Being a western female rope top in Osaka Japan.
緊縛師 (Kinbaku-Shi): 緊縛 (Kinbaku) meaning “bind tightly” and 師 (Shi) meaning “teacher; master;”. Generally defined as “Japanese Bondage Master”.
(Orginaly posted on Vice: http://www.vice.com/en_ca/read/photos-of-the-australian-woman-trying-to-make-it-in-japans-rope-bondage-scene)
I first met Milla Reika in Osaka, Japan, 2009. New to the country, she overheard me bragging to my friends about a Japanese rope bondage show that I had been invited to. Upon hearing the word “shibari”, this Australian skater girl almost begged me to take her with me. I did.
Seven years later, as we [catch up for a drink at a local cafe], I find myself staring at the self-assured woman with a cigarette in one hand and a coffee in the other, marveling at what Milla Reika has become.

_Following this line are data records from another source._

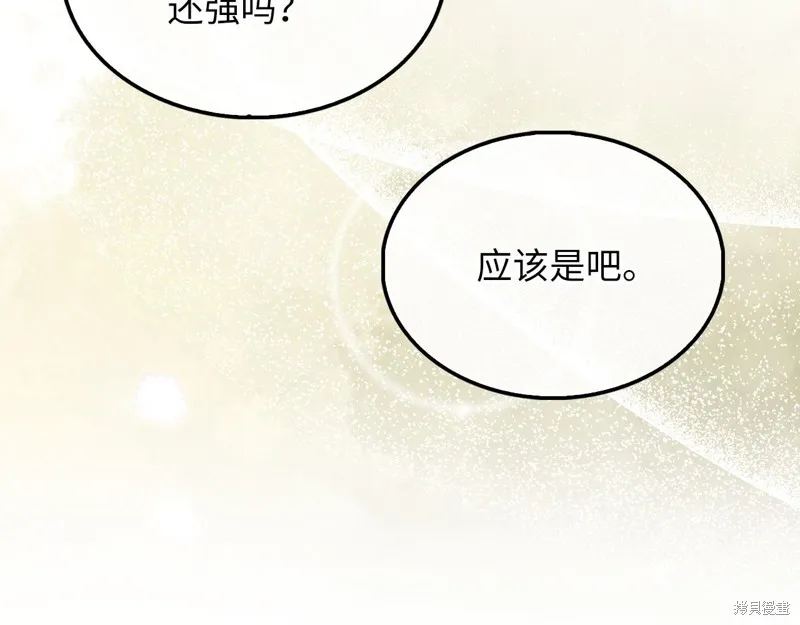 领主大人的金币用不完,第128话,第12张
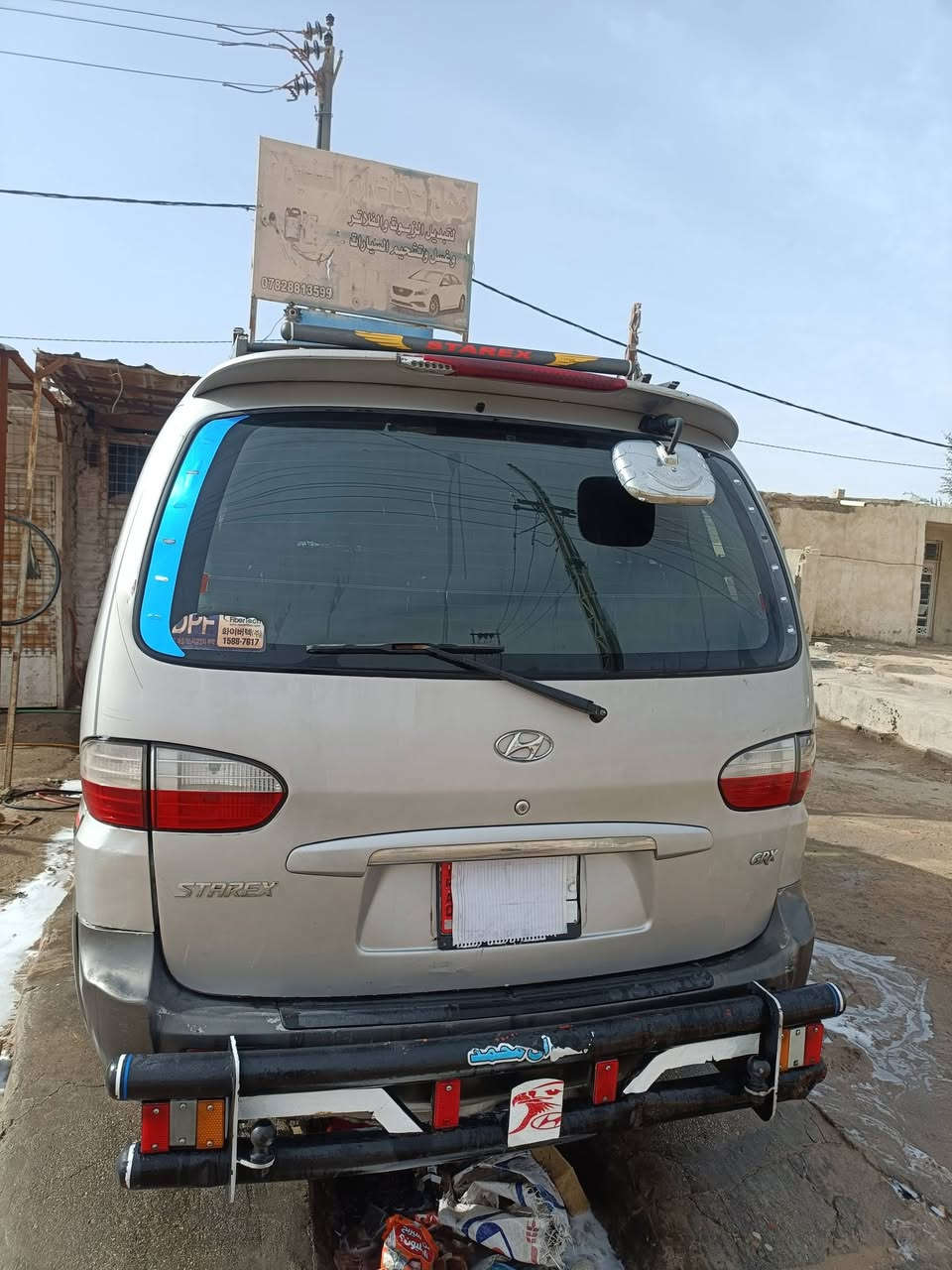 السلام عليكم ستاركس موديل 2007 رقم ألماني مكينه مكفوله كير حدادي السعر 75وبيها مجال اتصال وبيك خير ودلل الرقم ***********
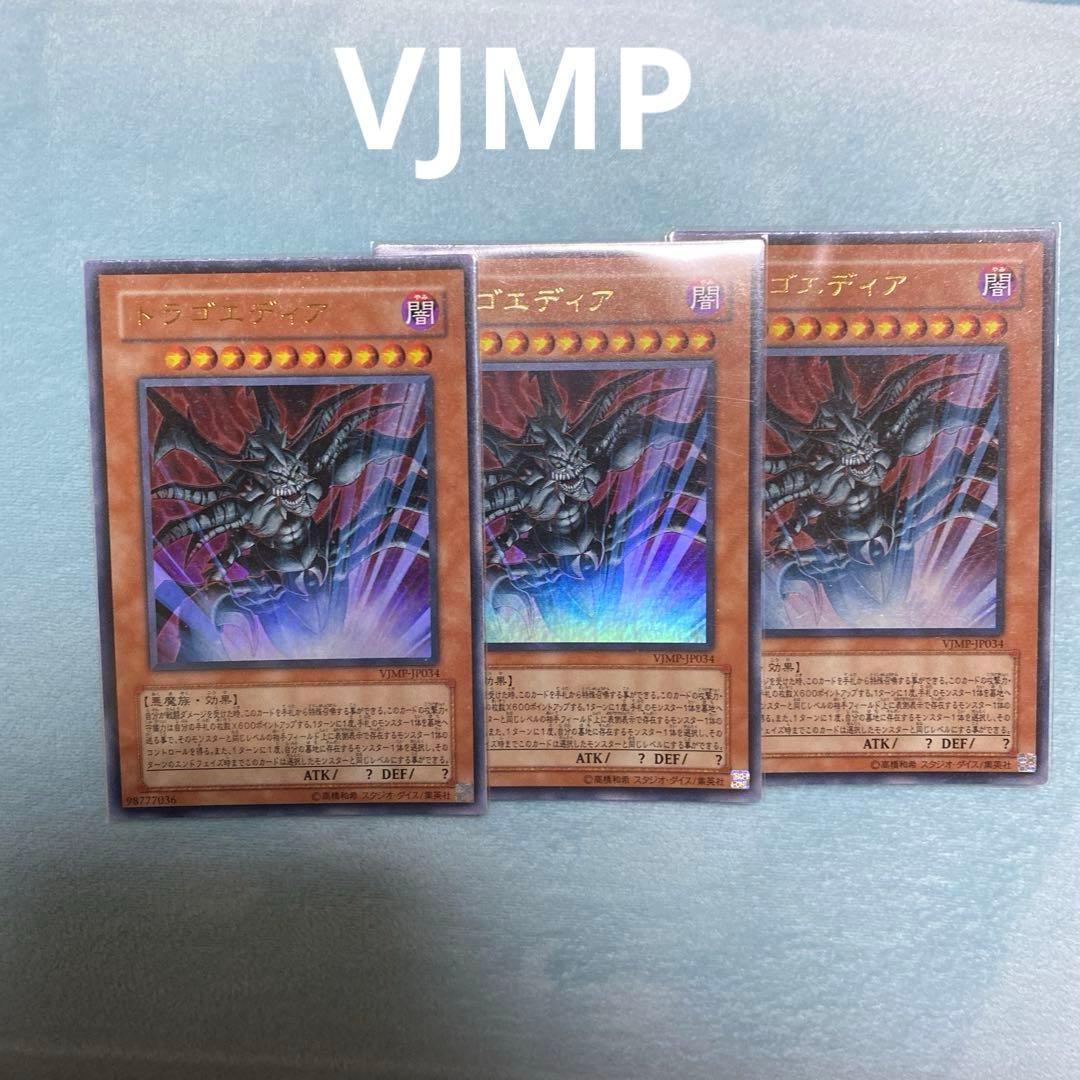 遊戯王 トラゴエディア ウルトラ - メルカリ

It’s been a long road to self-actualization for Milla Reika, and the road has had a few kinks in its path. Reeling from the intense exhilaration of that first shibari show, Milla threw herself into learning the art with the sort enthusiasm that only comes with youth. She spent hours studying the knots, ties and history of shibari, and we even tried our hands at photographing the art, but things only really took off when she walked through the doors of renowned S&M club Matrix After talking with the Mama-San about her interests, she was offered a job right there and then Too busy to teach Milla herself, the Mama-San recommended her to other rope masters in Osaka. Only a few months later, with coaxing from her mentors, she began performing locally around the city.
A year later, Club Matrix had closed it doors. The Mama-San would not reopen the club, no matter how much Milla argued for it—but instead, to Milla’s surprise, the Mama-San turned the keys over to the younger woman and told her to take over. Milla gladly accepted.
The male-dominated scene was jolted by the arrival of this young Australian girl not only topping, but running her own club. Her presence generated equal amounts of interest and reservation, and as well as navigating the shibari scene and learning Japanese business protocol, Milla had to earn the respect of the community. It wasn’t easy.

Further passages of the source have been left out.